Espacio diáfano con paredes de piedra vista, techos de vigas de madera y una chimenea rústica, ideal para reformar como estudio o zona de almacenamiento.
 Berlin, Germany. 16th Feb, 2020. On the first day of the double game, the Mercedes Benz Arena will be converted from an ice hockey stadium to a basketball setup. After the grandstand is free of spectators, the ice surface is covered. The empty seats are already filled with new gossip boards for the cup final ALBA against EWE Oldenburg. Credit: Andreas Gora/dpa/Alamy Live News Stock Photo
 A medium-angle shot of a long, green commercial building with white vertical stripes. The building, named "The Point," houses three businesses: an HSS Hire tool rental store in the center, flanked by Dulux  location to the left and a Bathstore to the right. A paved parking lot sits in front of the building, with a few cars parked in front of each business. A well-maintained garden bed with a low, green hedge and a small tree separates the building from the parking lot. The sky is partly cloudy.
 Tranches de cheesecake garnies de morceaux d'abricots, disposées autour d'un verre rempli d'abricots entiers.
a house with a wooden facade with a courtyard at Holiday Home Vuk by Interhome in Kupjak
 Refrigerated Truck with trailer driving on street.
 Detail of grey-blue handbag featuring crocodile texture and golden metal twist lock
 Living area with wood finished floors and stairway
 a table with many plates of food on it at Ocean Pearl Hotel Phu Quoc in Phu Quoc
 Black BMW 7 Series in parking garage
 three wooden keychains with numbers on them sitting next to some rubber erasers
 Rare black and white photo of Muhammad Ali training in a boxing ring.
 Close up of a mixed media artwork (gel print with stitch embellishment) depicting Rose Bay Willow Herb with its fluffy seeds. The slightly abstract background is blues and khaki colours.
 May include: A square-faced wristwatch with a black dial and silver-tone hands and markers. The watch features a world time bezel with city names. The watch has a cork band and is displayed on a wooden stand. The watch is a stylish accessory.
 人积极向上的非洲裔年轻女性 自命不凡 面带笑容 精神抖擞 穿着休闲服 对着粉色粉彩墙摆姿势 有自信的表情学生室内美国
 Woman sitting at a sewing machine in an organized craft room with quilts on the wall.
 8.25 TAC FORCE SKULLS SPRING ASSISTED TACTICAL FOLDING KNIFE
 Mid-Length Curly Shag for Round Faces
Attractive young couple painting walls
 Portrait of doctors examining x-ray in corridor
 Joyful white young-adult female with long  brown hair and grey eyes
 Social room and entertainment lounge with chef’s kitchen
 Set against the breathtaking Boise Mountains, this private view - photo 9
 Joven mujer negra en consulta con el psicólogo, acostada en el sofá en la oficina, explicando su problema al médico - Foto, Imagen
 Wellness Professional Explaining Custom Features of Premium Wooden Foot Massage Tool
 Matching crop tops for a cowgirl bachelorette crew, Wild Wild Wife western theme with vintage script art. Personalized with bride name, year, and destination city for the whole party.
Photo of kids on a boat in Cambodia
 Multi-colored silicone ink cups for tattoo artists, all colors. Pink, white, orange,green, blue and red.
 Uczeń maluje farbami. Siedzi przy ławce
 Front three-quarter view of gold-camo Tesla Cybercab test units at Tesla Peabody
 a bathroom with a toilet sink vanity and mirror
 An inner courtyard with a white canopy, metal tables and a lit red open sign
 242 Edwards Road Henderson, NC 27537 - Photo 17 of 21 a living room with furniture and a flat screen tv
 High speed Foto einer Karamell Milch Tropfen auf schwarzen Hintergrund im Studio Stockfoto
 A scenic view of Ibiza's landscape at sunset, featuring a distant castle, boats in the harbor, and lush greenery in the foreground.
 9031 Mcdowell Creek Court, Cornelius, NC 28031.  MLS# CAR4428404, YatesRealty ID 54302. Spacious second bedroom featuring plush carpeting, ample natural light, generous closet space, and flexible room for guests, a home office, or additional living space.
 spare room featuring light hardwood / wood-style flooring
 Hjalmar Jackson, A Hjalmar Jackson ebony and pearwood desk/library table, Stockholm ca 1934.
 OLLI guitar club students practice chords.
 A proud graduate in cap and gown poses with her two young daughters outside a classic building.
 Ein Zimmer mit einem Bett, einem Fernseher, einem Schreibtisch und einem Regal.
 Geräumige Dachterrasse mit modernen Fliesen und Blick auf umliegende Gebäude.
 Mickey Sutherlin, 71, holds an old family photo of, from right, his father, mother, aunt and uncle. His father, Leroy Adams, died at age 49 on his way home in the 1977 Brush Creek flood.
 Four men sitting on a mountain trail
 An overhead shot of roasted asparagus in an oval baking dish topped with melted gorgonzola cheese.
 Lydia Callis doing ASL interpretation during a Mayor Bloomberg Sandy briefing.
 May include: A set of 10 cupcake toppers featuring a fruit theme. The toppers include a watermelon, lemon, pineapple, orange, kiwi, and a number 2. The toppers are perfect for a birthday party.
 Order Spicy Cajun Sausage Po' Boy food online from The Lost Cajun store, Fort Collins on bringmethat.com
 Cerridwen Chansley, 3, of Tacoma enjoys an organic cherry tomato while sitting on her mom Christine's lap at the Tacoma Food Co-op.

○ ○ ○ ○

Print exactly the stretch of lines beginning with the one that holds "Geräumige Dachterrasse mit" and ending at the last line above.

ANSWER BOX
 Geräumige Dachterrasse mit modernen Fliesen und Blick auf umliegende Gebäude.
 Mickey Sutherlin, 71, holds an old family photo of, from right, his father, mother, aunt and uncle. His father, Leroy Adams, died at age 49 on his way home in the 1977 Brush Creek flood.
 Four men sitting on a mountain trail
 An overhead shot of roasted asparagus in an oval baking dish topped with melted gorgonzola cheese.
 Lydia Callis doing ASL interpretation during a Mayor Bloomberg Sandy briefing.
 May include: A set of 10 cupcake toppers featuring a fruit theme. The toppers include a watermelon, lemon, pineapple, orange, kiwi, and a number 2. The toppers are perfect for a birthday party.
 Order Spicy Cajun Sausage Po' Boy food online from The Lost Cajun store, Fort Collins on bringmethat.com
 Cerridwen Chansley, 3, of Tacoma enjoys an organic cherry tomato while sitting on her mom Christine's lap at the Tacoma Food Co-op.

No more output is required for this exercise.